Consistency With The Architectural Environment Is A Key Issue In Practical And Pragmatic Cellular Antenna Engineering
By Michael J. Marcus, Sc.D., F-IEEE
Director, Marcus Spectrum Solutions LLC
http://www.marcus-spectrum.com/
mjmarcus@marcus-spectrum.com
In January 2011, RF Globalnet published an article by Alfred T. Yerger II of Bird Technologies Group entitled, "Antenna Location Is Not An Architectural Decision: Antenna system design and placement is critical to proper system performance." The article emphasized the technical issues in successful antenna design with respect to location and spacing of antennas.
The point of this essay is to emphasize that good engineering is more than about making systems that work in a nominal sense, it is about making systems work in the real world with real constraints such as cost, size, weight, battery life, and compatibility with their environment in the case of systems that are intrusive into their locations as many cellular base stations are. It is this engineering to meet practical constraints which is a key difference between engineers and physicists.
The cellular base station controversy here is generally limited to suburban areas. In rural areas, base stations are often on remote towers with few neighbors and usually are not controversial. In dense urban areas, antennas can usually be integrated into pre-existing buildings, and this can generally be done with little visual impact. But in suburbia, base stations must be near the using populations and must have heights higher than nearby buildings – necessitating free-standing structures in most cases. It is these suburban base stations that repeatedly run into problems with neighbors and delays in zoning and permitting.
Industry's approach to such problems has been primarily legal – attempts to pre-empt local jurisdictions in antenna approval and more recently "shot clock" limits on approval time. If these approaches were successful, the problem would no longer exist. But as the late House Speaker Tip O'Neill said, "All politics is local," and there are pragmatic political limits to what the federal government can do on matters that affect neighborhoods.

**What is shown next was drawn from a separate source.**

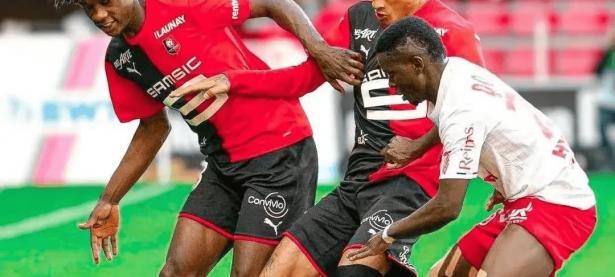 B体育体育官网app-马赛局势堪忧，法甲前四之路坎坷的简单介绍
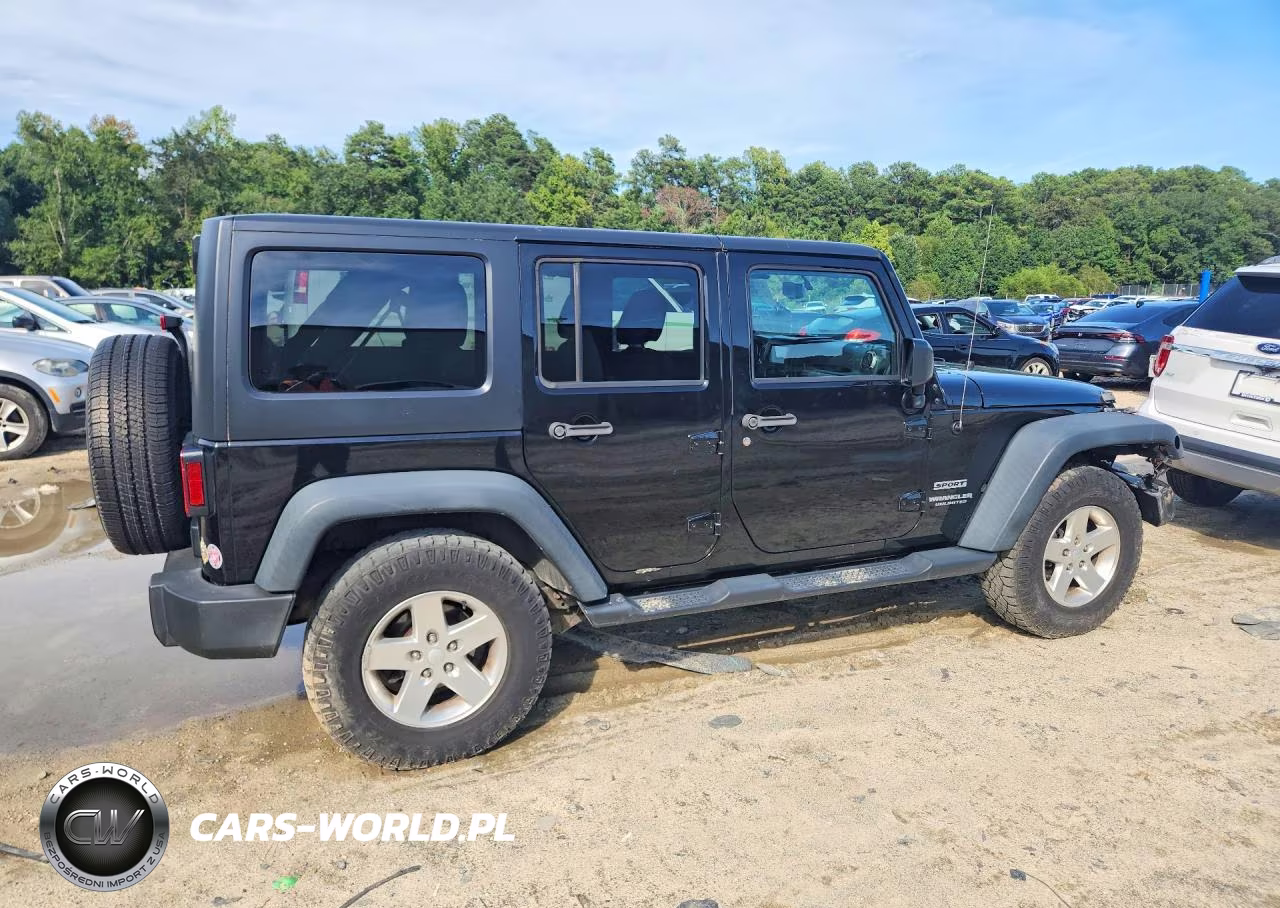 2015 Jeep Wrangler Unlimited Sport VIN:1C4BJWDG0FL557093 - 3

The cellular industry has built some visually attractive base stations in suburban areas, but this has generally been done as a last resort to solve an intractable zoning problem, and the resulting custom designs have been very expensive, further decreasing industry interest in alternative design approaches.
Criticism of suburban antenna designs is not limited to neighbors. At an FCC hearing in 2009, Jake MacLeod, a vice president of Bechtel, a major builder of wireless infrastructure for carriers, observed that we have reached the "end of the line" for current design concepts. More recently, Dr. Wim Sweldens, President, Alcatel-Lucent Wireless Division, said:
But we also have to be honest that in the mobile industry we are creating some problems. The mobile industry is actually contributing a fair amount to pollution...The mobile industry is also obstructing and cluttering our landscapes and cityscapes with more and more and bigger and bigger and uglier and uglier antennas and towers.
And why is that? We as the equipment vendors are part of the problem. We create big hungry base stations that need to become bigger and hungrier as we add more technologies. We put big towers with antennas and more and more of them every day. And that model and those types of technologies cannot continue as our industry grows....
We have discovered the capability of taking these power hungry base stations and take these big and ugly antennas and pretty much make them invisible.
Dr. Sweldens said this as part of the introduction of Alcatel-Lucent's lightradio™ antenna product, but his point is independent of that particular solution. MacLeod and Sweldens, both mainstream industry members, agree that the types of antenna systems used for most cellular base stations are basically incompatible with many of their locations.
I am troubled by the preference of the cellular industry to hire lawyers, lobbyists, and PR firms to handle their antenna-siting problems rather than going back to step zero and rethinking, as Alcatel-Lucent has done, the basics of what is needed. Twice in the past three years I have worked with different universities to try to put together projects with engineering and architecture students and professors to explore new design concepts. These projects need some funding to work and neither university was able to get any appreciable funding from industry.
Mr. Yerger ends his article with, "Remember, antenna location is not an architectural decision!" Perhaps not, but in the real world, antennas and other engineered systems have to work in the environment in which they are placed. Being compatible with the local environment and acceptable to neighbors is part of that. The cellular operators and suppliers should start making some real efforts to examine base station design for suburbia from a fresh piece of paper and stop focusing on using products in today's catalogs unless forced to do a very expensive custom design. Alcatel-Lucent deserves praise for "thinking outside the box" with their new concept, whether or not it ever has a significant role. The rest of industry should rethink its current approaches, also.